UNITED STATES DISTRICT COURT NORTHERN DISTRICT OF NEW YORK
April 10, 2012
UNITED STATES OF AMERICA, PLAINTIFF,
LAWRENCE J. ROLAND, DEFENDANT. UNITED STATES OF AMERICA, PLAINTIFF,
WILLIAM D. DOWSTRA, DEFENDANT. UNITED STATES OF AMERICA, PLAINTIFF,
FRANCIS L. SNYDER, DEFENDANT.
-UNITED STATES OF AMERICA, PLAINTIFF,
JOHN J. KELLEHER, DEFENDANTS. UNITED STATES OF AMERICA, PLAINTIFF,
CHRISTOPHER R. LYONS, DEFENDANT.
The opinion of the court was delivered by: Thomas J. McAVOY Senior United States District Judge
DECISION and ORDER
In each of the above-referenced cases, the United States of America moves for a default judgment in connection with the defendants' failure to repay student loans or other promissory notes. The Complaint in each of the cases allege that the Defendants executed promissory notes to secure loans from the Department of Education and that they have failed to repay loans in full. These allegations, which are deemed admitted by Defendants' failure to respond, see Cotton v. Slone, 4 F.3d 176, 181 (2d Cir. 1993); Greyhound Exhibitgroup., Inc., v. E.L.U.L. Realty Group Corp., 973 F.2d 155, 158 (2d Cir. 1992), are sufficient to establish Defendants' liability.
"While a default judgment constitutes an admission of liability, the quantum of damages remains to be established by proof unless the amount is liquidated or susceptible of mathematical computation." Flaks v. Koegel, 504 F.2d 702, 707 (2d Cir. 1974). "[E]ven upon default, a court may not rubber-stamp the non-defaulting party's damages calculation, but rather must ensure that there is a basis for the damages that are sought." "The burden is on the plaintiff to establish its entitlement to recovery." Bravado Int'l Group Merch. Servs. v. Ninna, Inc., 655 F. Supp.2d 177, 189 (E.D.N.Y. 2009); Greyhound Exhibitgroup, 973 F.2d at 158, 160. Here, the materials submitted with the Complaints together with the affidavits in support of the motions for default are sufficient to establish damages on the promissory notes because those amounts (principal owed on the notes and interest) are susceptible to mathematical computation.
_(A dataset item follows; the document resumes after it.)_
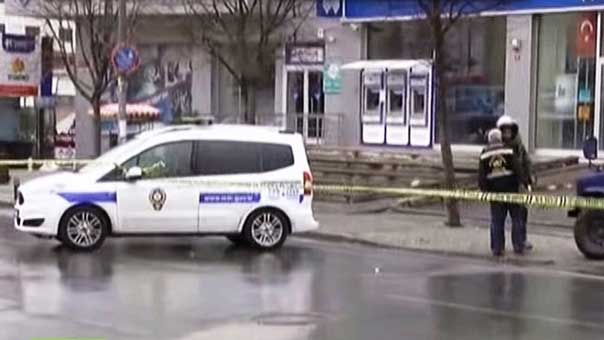 إطلاق نار على القنصلية الأميركية في اسطنبول بالتزامن مع وصول الـ&rsquo;أف-16&rsquo; إلى قاعدة &rsquo;انجرليك&rsquo;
The submissions are insufficient, however, to establish a right to attorney's fees or costs.*fn1 The papers in support in the motion for default judgment do not adequately establish: (1) that the underlying promissory notes included an agreement by defendants to pay reasonable attorneys' fees; (2) the proper amount of any such fees (i.e., what is a reasonable attorney's fee); (3) that the government incurred a filing fee; or (4) any fees incurred in connection with the service of process. The government shall have the opportunity to substantiate its claims for fees and costs by filling additional supporting documents within fourteen days of the date of this Order. If the government does file additional papers, Defendants shall then have twenty-eight days from the date of this Order to challenge the claim for fees and costs.
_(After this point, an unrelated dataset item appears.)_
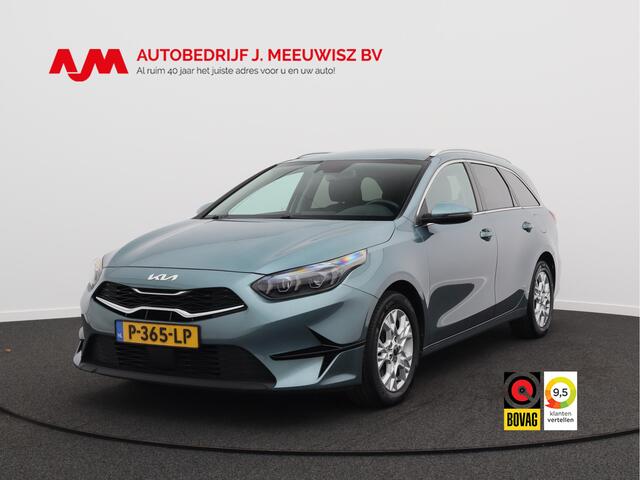 KIA CEE D Ceed Sportswagon 1.0 T-GDi DynamicPlusLine/ lage km/ zeer mooi!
For the foregoing reasons, the motions for default judgment are GRANTED with respect to the arrears on the promissory notes as follows:
Case Number Judgment Amount*fn2
I. 12-cv-130 (Roland) $13,013.22 as of May 26, 2011, plus additional interest in the amount of $0.87 per day from May 26, 2011 through the date of judgment;
II. 12-cv-134 (Dowstra) $38,402.58 as of May 26, 2011, plus additional interest in the amount of $4.53 per day from May 26, 2011 through the date of judgment;
III. 12-cv-140 (Snyder) $5,078.39 as of May 27, 2011, plus additional interest in the amount of $0.41 per day from May 27, 2011 through the date of judgment;
IV. 12-cv-153 (Kelleher) $44,645.06 as of March 22, 2010, plus additional interest in the amount of $2.87 per day from March 22, 2010 through the date of judgment;
V. 12-cv-144 (Lyons) $80,787.69 as of July 2, 2010, plus additional interest in the amount of $14.79 per day from July 2, 2010 through the date of judgment.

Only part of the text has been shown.